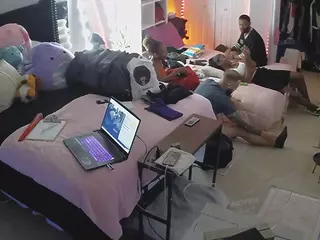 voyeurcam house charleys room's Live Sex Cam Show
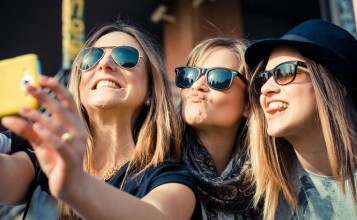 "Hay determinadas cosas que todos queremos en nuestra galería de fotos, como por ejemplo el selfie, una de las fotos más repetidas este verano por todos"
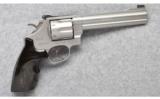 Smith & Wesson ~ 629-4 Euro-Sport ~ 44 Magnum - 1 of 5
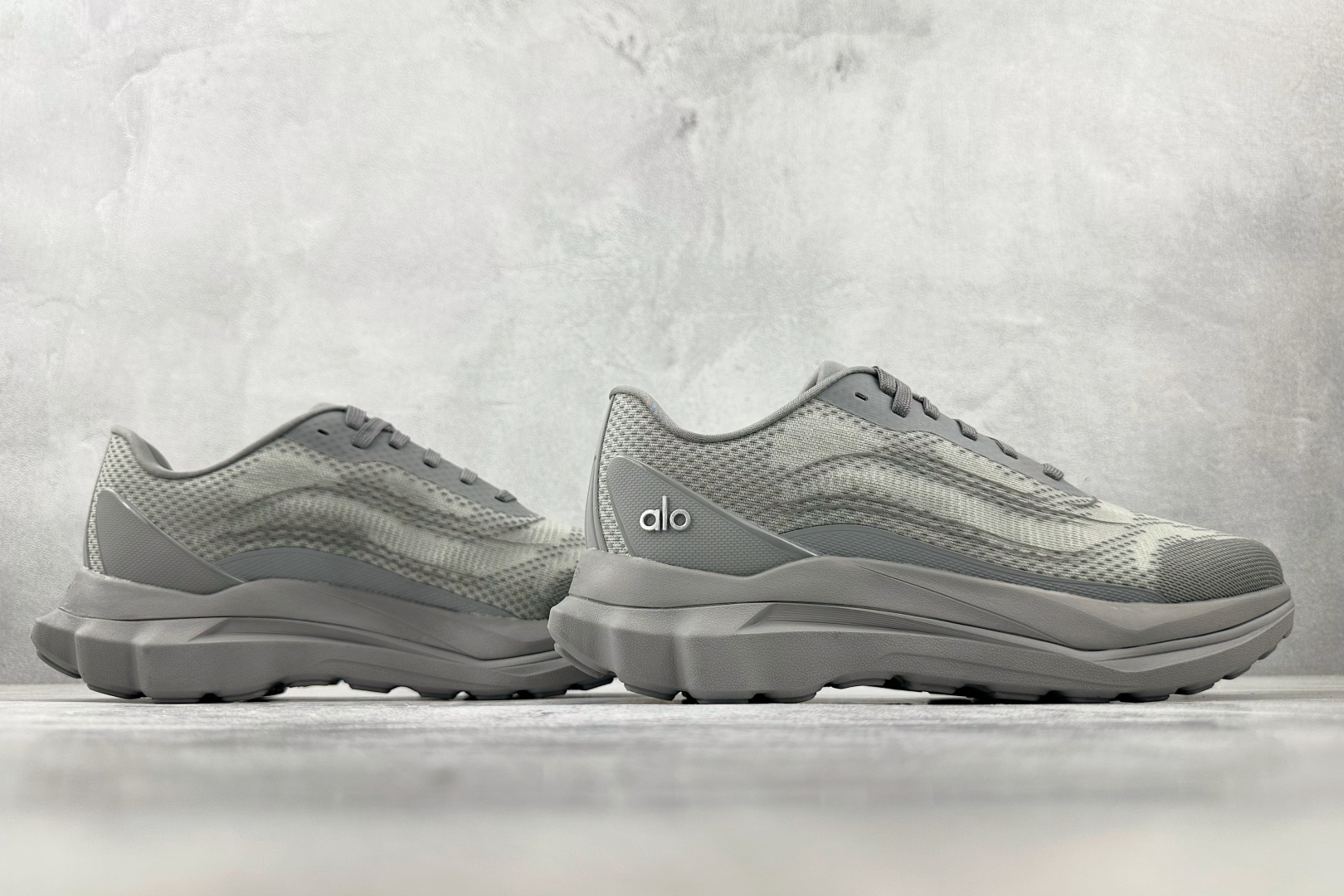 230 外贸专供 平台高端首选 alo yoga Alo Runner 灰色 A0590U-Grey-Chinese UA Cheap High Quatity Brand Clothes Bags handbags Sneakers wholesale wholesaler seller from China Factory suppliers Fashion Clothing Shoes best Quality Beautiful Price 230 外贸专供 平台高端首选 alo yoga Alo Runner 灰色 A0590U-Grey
...
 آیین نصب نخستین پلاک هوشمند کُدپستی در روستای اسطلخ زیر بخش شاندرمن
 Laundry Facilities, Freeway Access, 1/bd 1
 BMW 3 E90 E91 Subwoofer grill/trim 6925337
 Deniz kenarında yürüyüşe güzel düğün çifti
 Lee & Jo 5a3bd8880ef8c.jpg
---
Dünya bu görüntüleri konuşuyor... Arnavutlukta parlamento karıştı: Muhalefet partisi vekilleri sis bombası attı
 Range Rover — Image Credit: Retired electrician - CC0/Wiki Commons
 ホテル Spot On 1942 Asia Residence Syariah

#### [What needs to be done]
Look above for the line with "Deniz kenarında yürüyüşe güzel düğün çifti" and the line with "Lee & Jo 5a3bd8880ef8c.jpg", and reproduce exactly those two lines plus every line between, nothing more.

#### [Result of this task]
 Deniz kenarında yürüyüşe güzel düğün çifti
 Lee & Jo 5a3bd8880ef8c.jpg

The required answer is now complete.